The SAT makes people do some strange things. I think it’s safe to say that in everyday life, most people don’t pick up a book, open to a random page, start reading in the middle of a sentence, and then wonder why they don’t fully understand what’s going on. Barring some sort of bizarre circumstances, it just doesn’t happen. But it happens constantly on the SAT.

Now, I fully admit there are some aspects of SAT Reading that are different from the types of reading most test-takers have been asked to thus far, but contrary to conventional test-prep wisdom, SAT Reading is not completely detached from the normal act of reading. That means that you need to read words and phrases within the larger context of the sentences where they appear. Always.

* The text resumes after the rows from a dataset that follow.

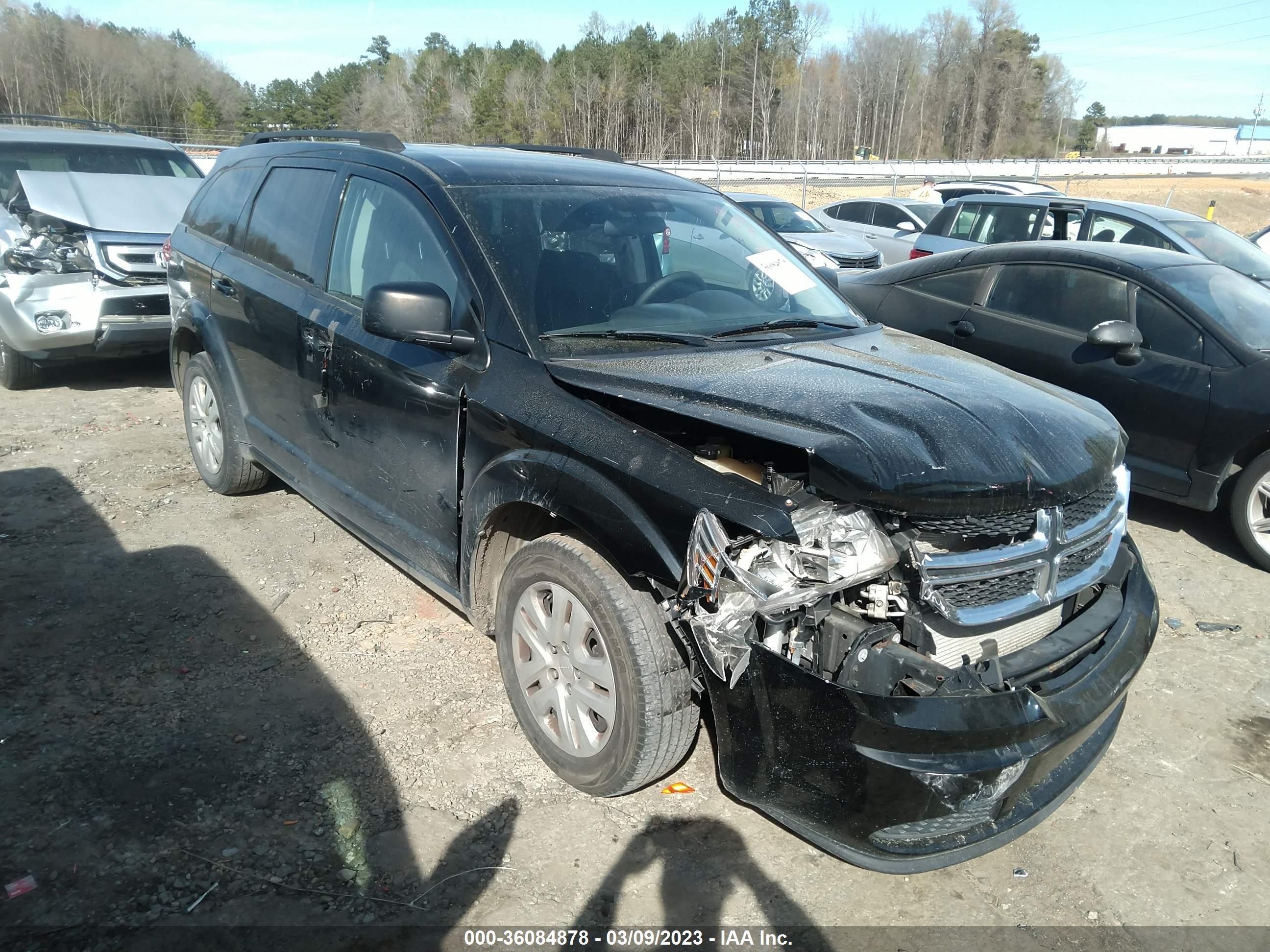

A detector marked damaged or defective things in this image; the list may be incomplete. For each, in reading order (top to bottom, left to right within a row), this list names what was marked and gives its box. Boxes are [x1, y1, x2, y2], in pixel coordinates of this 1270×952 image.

crushed front bumper [0, 274, 170, 364]
crumpled hood [15, 170, 201, 233]
crumpled hood [780, 229, 878, 259]
damaged black suv [169, 130, 1160, 874]
crumpled hood [545, 329, 1121, 521]
crushed front bumper [698, 537, 1152, 870]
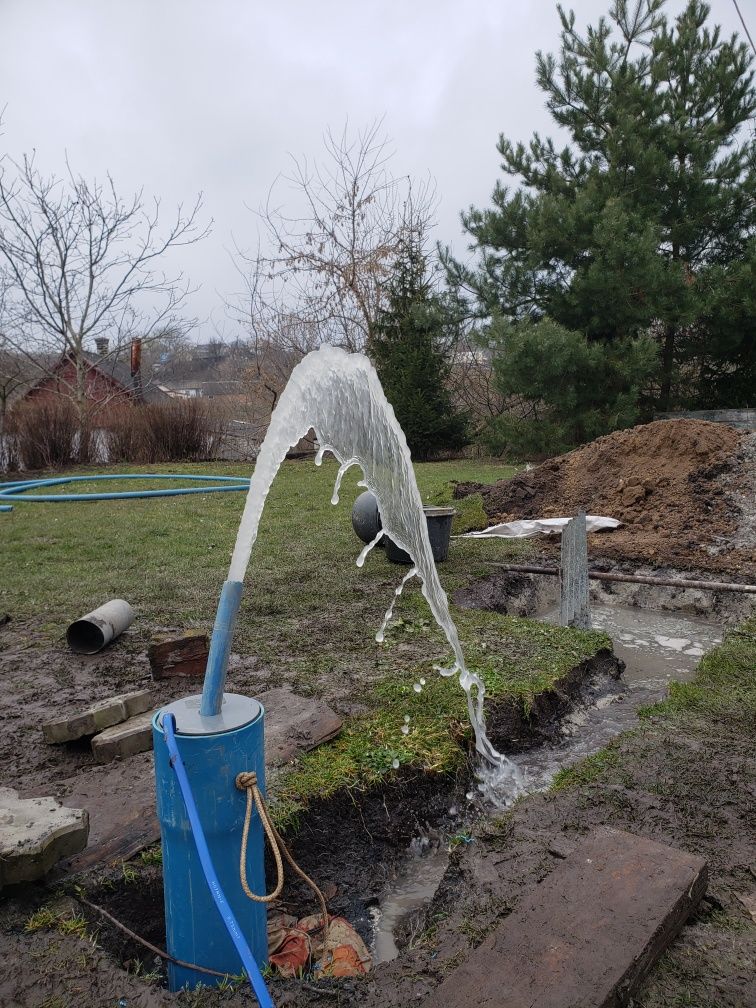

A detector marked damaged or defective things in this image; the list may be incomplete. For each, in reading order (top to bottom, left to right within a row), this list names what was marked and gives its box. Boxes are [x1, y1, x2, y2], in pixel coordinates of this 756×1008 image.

I realize that this is one of those pieces of advice that might sound pretty obvious, but please just hear me out. One of the biggest mistakes that I see my students consistently make when they answer Critical Reading questions is to focus only on the word/phrase/line references given and ignore the surrounding information — which is what they actually need to read in order to answer the question correctly. Not backing up and starting from a sentence or two above is bad enough, but actually starting in the middle of the sentence has the potential to cause a lot of problems.

For example (passage excerpt):

…Now that I am passionately involved with thinking critically about Black people and representation, I can confess that those walls of photographs empowered me, and that I feel their absence in my life. Right now I long for those walls, those curatorial spaces in the home that express our will to make and display images.

Question:

In line 26, “absence” refers metaphorically to a lack of a

(A) constraining force
(B) cluttered space
(C) negative influence
(D) sustaining tradition
(E) joyful occasion

By SAT standards, the question is right in the middle of the road difficulty-wise. In fact, it’s a level 3. The reason that people tend to get into trouble with questions like it, however, is as follows: the question refers specifically to the word “absence,” then tells us that the word appears in line 26 — a piece of information that leads most people to begin reading at the word “absence” in line 26, then continue down to the rest of the paragraph (and often, when they can’t find the answer, to the paragraph below it).

In other words, they start reading halfway through the sentence, but they’re so focused on the word “absence” that it never even occurs to them that they might be missing something important. And once they hit the phrase “curatorial spaces,” they so hung up on the fact that they don’t quite understand what it means that it never occurs to them that they might be missing something a lot more straightforward.

The problem is that the answer is found in the first part of the sentence: the photographs were absent, and they empowered the narrator. Empowered = sustaining (more or less), hence (D). (The beginning of the passage also makes quite clear that those photographs were an important tradition in her family.) But if you don’t read the beginning of the sentence, you miss the context and end up going in the completely wrong direction. In addition, the word “absence” usually has negative connotations, which means that in the absence of context, you’re a lot more likely to pick (A), (B), or (C). If you go back and see that the photographs were “empowering,” however,” you won’t fall into that trap.